Method 1

Begin with a free-body diagram. With Method 1, the bridge is (in essence) supported at each end by pin supports. Thus, each support exerts two components of force; one parallel and one perpendicular to the moat wall. There are four unknowns,

     F_Ax     F_Ay     F_Bx     F_By

There are only three independent equilibrium equations for a 2-D system. Since the number of unknowns is one greater than the total number of equilibrium equations, this method of laying the bridge leads to a statically indeterminate system with a degree of redundancy of one.

The engineer is unable to solve for the reaction forces using only the equilibrium equations.

Begin with a free-body diagram. With Method 2, each support exerts a force that is perpendicular to the moat wall. These reactions are concurrent, as the lines of action of each reaction force intersect at point P.
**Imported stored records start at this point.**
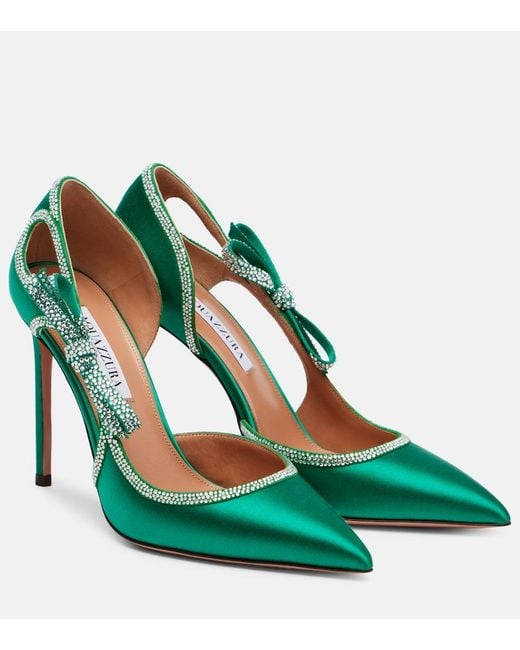 Aquazzura Green Soave Crystal 105 Bow-Detail Satin Pumps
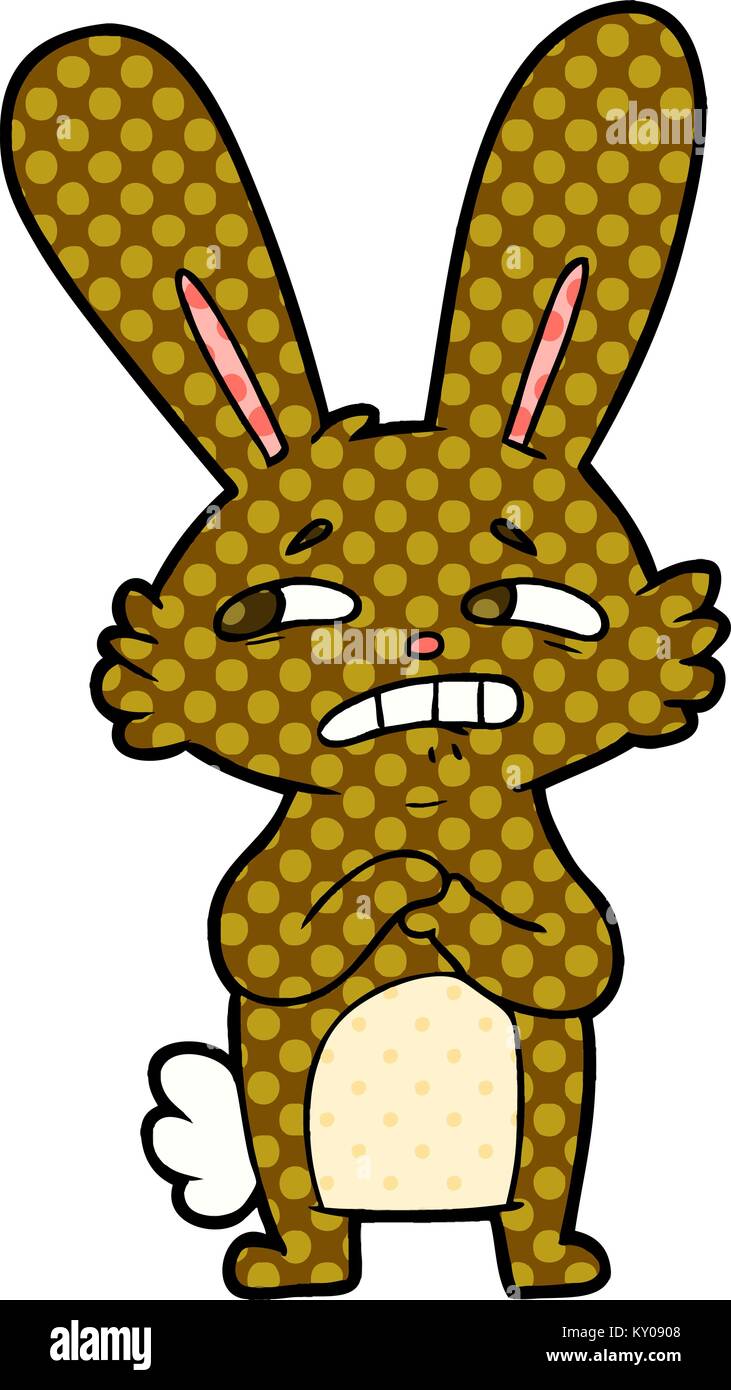 cartoon anxious rabbit Stock Vector Image & Art Alamy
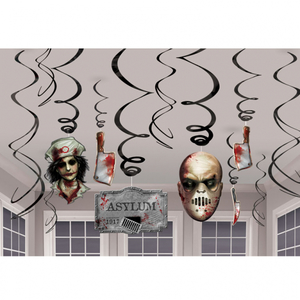 12 Deko Swirls Spiralen - Halloween Irrenhaus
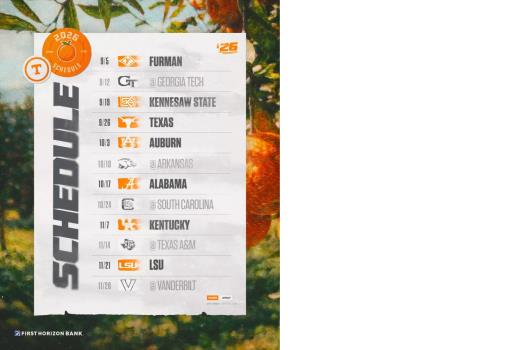 2026 Tennessee Football Schedule Dates Announced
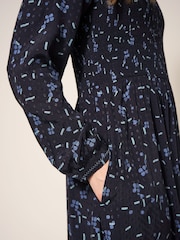 White Stuff Aneth EcoVero Shirred Black Dress - Image 4 of 7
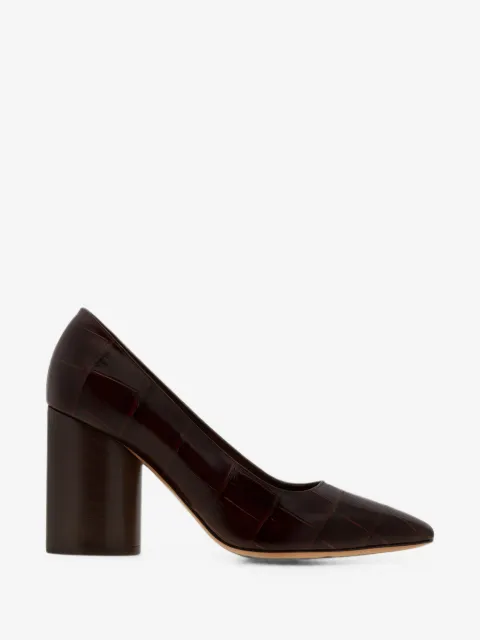 croc-effect leather pumps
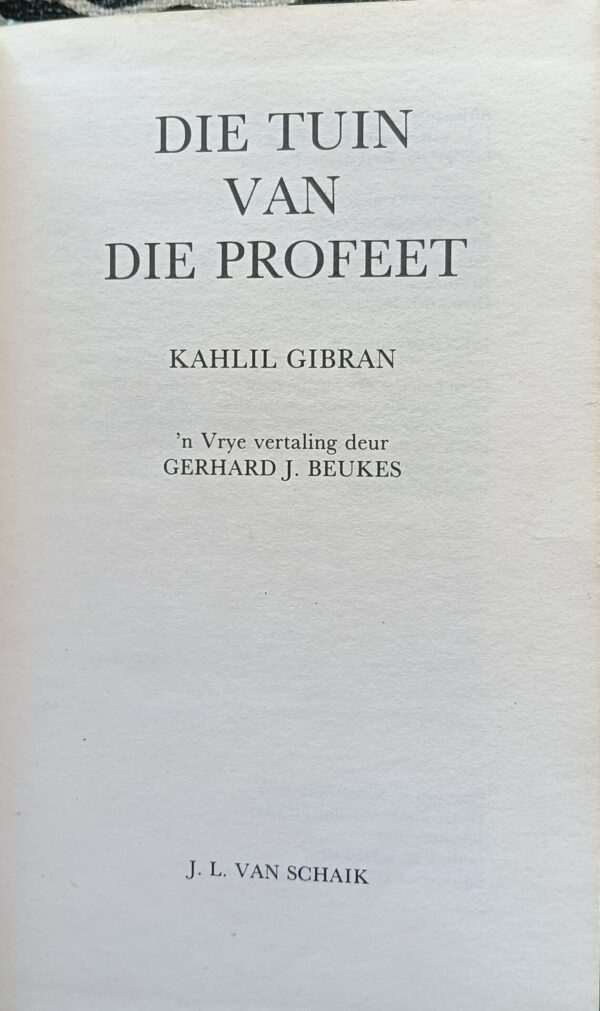 Die Tuin Van Die Profeet – Kahlil Gibran secondhand book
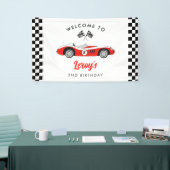 Red  Race Car Boy 2e Verjaardag Welkom Spandoek (Beurs)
The weight of the cow creates an unbalanced moment about point P. Thus, the bridge is unstable due to improper supports and will not remain in equilibrium under the weight of the cow. There are only two unknowns,

     F_Ay     F_Bx  

Even thought there are three independent equilibrium equations, there are infinite solutions for the two unknowns. The engineer is unable to determine a unique solution for the reactions using the equilibrium equations.

Begin with a free-body diagram. With Method 3, there are three unknowns,

     F_Ay     F_Bx     F_By

There are three independent equilibrium equations. The reaction forces are neither parallel nor concurrent, and this system is statically determinate. The engineer can solve for the reactions using the equilibrium equations.